Exercise material.
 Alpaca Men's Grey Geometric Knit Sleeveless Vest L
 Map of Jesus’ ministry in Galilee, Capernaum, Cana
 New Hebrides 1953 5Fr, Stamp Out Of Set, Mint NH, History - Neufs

---

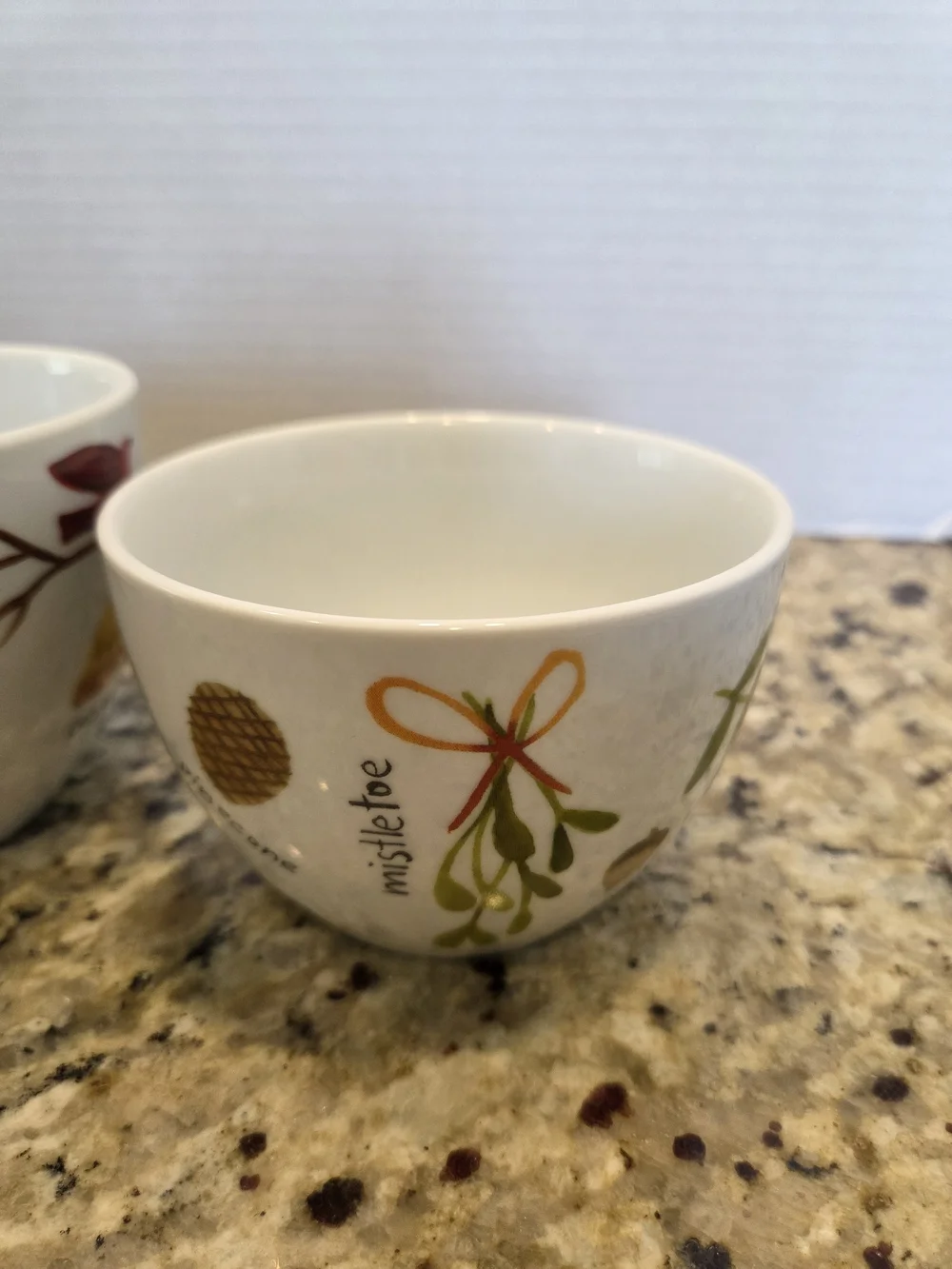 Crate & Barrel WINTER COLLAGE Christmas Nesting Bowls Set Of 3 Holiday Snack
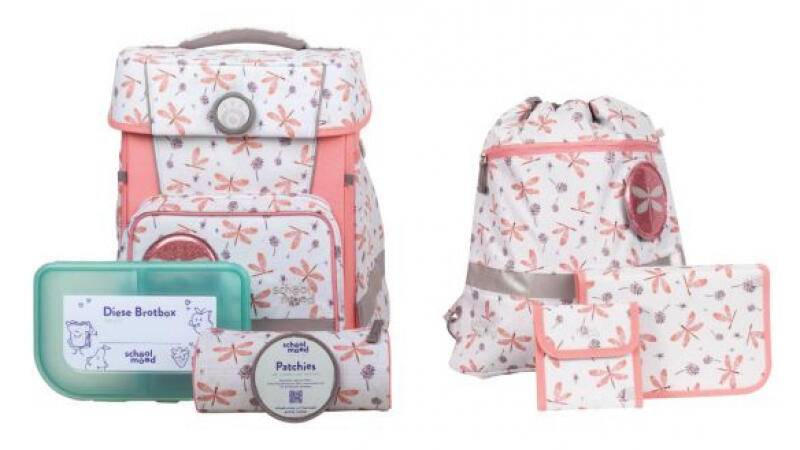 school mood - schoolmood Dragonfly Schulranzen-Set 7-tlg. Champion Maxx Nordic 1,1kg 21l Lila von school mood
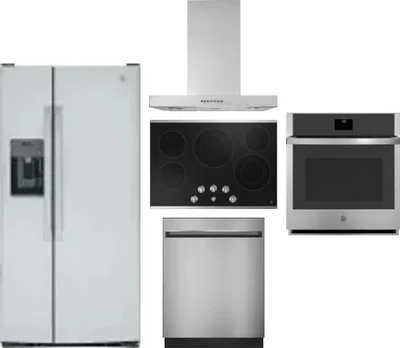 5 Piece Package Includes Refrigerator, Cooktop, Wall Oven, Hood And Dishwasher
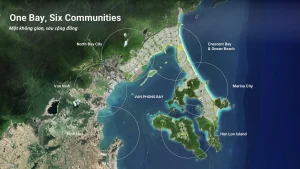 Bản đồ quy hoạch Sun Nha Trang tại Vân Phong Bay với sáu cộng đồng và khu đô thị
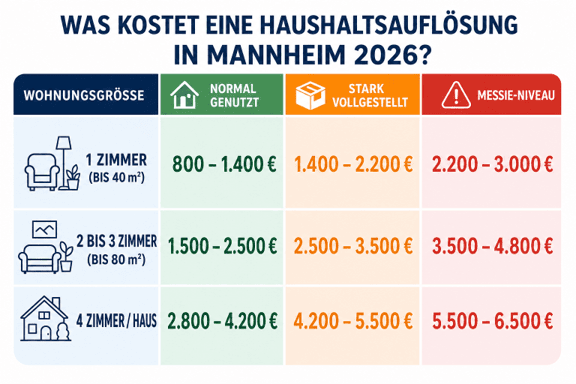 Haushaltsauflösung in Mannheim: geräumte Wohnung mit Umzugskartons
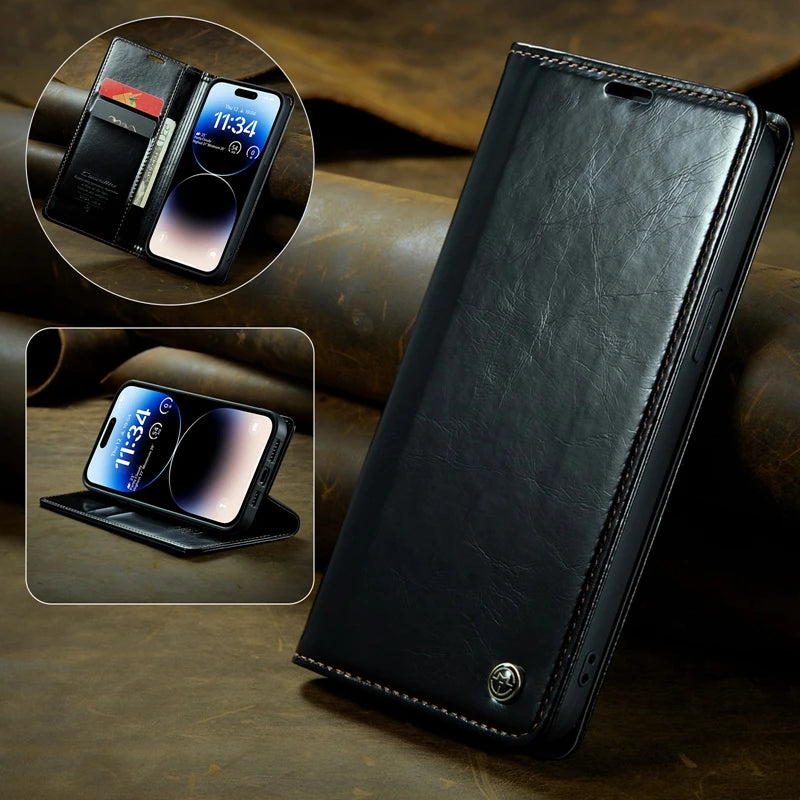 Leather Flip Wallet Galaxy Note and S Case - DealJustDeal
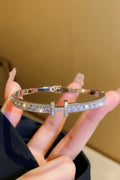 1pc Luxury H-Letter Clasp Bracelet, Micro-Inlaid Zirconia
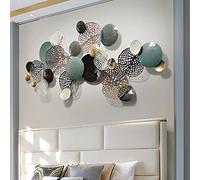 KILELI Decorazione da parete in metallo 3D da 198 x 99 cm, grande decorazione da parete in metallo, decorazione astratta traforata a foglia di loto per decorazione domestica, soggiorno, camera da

Task to carry out. For this exercise, set down the lines in the entries above from the one with "5 Piece Package" through the one with "KILELI Decorazione da" exactly as written, without any pictures.

Task response.
 5 Piece Package Includes Refrigerator, Cooktop, Wall Oven, Hood And Dishwasher
 Bản đồ quy hoạch Sun Nha Trang tại Vân Phong Bay với sáu cộng đồng và khu đô thị
 Haushaltsauflösung in Mannheim: geräumte Wohnung mit Umzugskartons
 Leather Flip Wallet Galaxy Note and S Case - DealJustDeal
 1pc Luxury H-Letter Clasp Bracelet, Micro-Inlaid Zirconia
 KILELI Decorazione da parete in metallo 3D da 198 x 99 cm, grande decorazione da parete in metallo, decorazione astratta traforata a foglia di loto per decorazione domestica, soggiorno, camera da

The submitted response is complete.